Пушкин вспомнил о Данзасе и послал за ним. Мы не верим принятой и распространенной версии о нечаянной встрече Пушкина с Данзасом на улице утром 27 января и всецело принимаем сообщение Жуковского, что Пушкин встретил радостно Данзаса у себя в доме около 12 часов. Заметки Жуковского мы полагаем в основу нашего рассказа о дне дуэли. Они прекрасно дополняют данные, имевшиеся в распоряжении исследователей, но есть один пункт — и довольно важный, — в котором запись Жуковского решительно расходится со свидетельствами современников. Это вопрос о приглашении Данзаса к участию в дуэли. 28 января А. И. Тургенев сообщал А. И. Нефедьевой: «Пушкин встретил на улице Данзаса, повез его к себе на дачу и только там показал ему письмо, писанное к отцу Геккерена; Данзас не мог отказаться быть секундантом».

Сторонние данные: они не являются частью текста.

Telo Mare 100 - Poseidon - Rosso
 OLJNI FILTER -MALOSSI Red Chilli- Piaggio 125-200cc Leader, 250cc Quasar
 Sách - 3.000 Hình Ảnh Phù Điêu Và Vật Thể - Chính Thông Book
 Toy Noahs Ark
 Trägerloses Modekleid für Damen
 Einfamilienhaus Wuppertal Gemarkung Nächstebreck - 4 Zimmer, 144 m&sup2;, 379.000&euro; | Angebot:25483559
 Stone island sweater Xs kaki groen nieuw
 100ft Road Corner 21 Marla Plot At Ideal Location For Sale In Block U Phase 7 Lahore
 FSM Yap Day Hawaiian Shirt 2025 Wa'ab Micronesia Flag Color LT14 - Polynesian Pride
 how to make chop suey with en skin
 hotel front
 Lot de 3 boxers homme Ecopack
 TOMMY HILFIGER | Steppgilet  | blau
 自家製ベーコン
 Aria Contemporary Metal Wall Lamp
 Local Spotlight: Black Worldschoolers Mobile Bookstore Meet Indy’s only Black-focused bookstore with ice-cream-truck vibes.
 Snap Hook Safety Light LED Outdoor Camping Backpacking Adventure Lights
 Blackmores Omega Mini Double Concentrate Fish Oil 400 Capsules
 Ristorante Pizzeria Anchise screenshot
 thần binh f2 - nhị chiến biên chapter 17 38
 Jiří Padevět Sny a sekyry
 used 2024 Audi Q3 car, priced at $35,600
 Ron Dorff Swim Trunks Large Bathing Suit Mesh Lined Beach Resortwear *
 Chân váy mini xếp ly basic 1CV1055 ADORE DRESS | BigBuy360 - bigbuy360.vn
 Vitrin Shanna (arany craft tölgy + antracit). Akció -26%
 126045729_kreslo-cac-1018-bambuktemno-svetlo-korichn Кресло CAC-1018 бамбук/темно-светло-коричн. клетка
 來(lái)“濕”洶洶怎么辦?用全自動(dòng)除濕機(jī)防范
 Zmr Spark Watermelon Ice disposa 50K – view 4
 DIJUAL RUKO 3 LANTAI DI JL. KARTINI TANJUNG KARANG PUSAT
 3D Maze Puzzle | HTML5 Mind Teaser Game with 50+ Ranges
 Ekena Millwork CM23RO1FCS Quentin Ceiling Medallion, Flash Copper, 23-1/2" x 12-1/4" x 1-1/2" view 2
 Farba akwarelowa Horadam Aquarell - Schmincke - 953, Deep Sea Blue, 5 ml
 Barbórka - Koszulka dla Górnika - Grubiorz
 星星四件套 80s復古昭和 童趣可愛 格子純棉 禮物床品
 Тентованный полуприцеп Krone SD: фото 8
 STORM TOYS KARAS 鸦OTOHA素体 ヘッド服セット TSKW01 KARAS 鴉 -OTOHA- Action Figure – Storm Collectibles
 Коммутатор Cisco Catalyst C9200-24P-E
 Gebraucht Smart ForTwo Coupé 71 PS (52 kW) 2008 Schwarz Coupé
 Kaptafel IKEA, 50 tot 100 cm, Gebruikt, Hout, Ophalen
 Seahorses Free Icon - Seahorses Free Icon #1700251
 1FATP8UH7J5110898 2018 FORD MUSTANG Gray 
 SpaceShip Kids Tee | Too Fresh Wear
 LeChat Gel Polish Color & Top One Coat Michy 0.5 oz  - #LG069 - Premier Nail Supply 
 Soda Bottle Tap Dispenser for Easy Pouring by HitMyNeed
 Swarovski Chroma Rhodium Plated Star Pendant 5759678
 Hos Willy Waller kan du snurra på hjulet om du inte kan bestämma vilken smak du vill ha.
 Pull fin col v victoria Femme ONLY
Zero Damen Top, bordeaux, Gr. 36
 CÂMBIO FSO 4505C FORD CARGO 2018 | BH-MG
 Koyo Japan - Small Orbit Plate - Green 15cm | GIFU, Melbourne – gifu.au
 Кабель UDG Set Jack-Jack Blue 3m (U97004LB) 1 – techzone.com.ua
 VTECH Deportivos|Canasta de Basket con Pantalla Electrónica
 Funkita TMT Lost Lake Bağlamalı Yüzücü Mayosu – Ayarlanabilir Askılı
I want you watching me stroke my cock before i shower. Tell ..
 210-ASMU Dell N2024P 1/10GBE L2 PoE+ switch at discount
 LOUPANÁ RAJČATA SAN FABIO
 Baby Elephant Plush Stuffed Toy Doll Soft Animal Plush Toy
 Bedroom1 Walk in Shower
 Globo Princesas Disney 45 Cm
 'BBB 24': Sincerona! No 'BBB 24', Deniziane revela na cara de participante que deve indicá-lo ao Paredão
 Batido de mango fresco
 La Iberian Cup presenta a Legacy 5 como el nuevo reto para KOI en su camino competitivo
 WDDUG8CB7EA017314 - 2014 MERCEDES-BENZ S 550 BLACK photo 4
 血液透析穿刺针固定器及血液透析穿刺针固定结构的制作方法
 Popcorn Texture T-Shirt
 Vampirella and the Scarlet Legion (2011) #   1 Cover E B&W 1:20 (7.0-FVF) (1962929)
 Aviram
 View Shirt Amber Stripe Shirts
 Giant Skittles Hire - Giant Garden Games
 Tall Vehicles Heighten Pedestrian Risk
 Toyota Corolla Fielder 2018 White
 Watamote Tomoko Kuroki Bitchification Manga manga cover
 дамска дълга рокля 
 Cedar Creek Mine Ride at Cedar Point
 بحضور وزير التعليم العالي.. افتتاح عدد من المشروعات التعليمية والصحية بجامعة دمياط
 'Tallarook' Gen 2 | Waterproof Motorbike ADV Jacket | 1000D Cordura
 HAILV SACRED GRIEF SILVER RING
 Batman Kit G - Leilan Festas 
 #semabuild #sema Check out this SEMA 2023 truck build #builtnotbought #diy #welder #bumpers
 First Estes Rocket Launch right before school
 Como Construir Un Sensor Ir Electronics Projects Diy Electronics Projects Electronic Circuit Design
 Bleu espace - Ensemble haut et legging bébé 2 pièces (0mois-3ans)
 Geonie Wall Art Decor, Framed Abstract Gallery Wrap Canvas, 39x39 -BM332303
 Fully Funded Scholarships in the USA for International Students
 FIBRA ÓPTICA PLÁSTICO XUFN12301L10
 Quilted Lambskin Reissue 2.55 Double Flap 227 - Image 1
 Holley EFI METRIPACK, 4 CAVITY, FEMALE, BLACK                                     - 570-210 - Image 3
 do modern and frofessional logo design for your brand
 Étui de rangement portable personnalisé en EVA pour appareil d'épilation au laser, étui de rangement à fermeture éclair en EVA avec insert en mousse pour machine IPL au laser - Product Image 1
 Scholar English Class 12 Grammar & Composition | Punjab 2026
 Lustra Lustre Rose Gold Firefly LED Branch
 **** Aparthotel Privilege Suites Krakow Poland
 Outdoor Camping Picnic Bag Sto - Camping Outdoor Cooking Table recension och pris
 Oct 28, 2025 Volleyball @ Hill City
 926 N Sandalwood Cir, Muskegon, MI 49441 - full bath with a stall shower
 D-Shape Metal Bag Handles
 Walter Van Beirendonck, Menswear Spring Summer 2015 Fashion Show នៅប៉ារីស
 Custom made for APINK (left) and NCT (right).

9 февраля князь П. А. Вяземский писал А. Я. Булгакову: «В день дуэли нечаянно напал он на улице на старого товарища лицейского Данзаса, с которым он был всегда отменно дружен; не говоря ему ни слова, посадил в свои сани и повез к д’Аршиаку. Спустя два часа они были уже на месте дуэли». В письме к великому князю Михаилу Павловичу Вяземский писал иначе: «После отказа Меджениса, в отчаянии, что дело расстроилось, Пушкин вышел 27-го утром, на удачу, чтобы поискать кого-нибудь, кто бы согласился быть секундантом. Он встретил на улице Данзаса, своего прежнего школьного товарища, а впоследствии друга. Он посадил его к себе в сани, сказав, что везет его к д’Аршиаку, чтобы взять его в свидетели своего объяснения с ним. Два часа спустя, противники находились уже на месте поединка».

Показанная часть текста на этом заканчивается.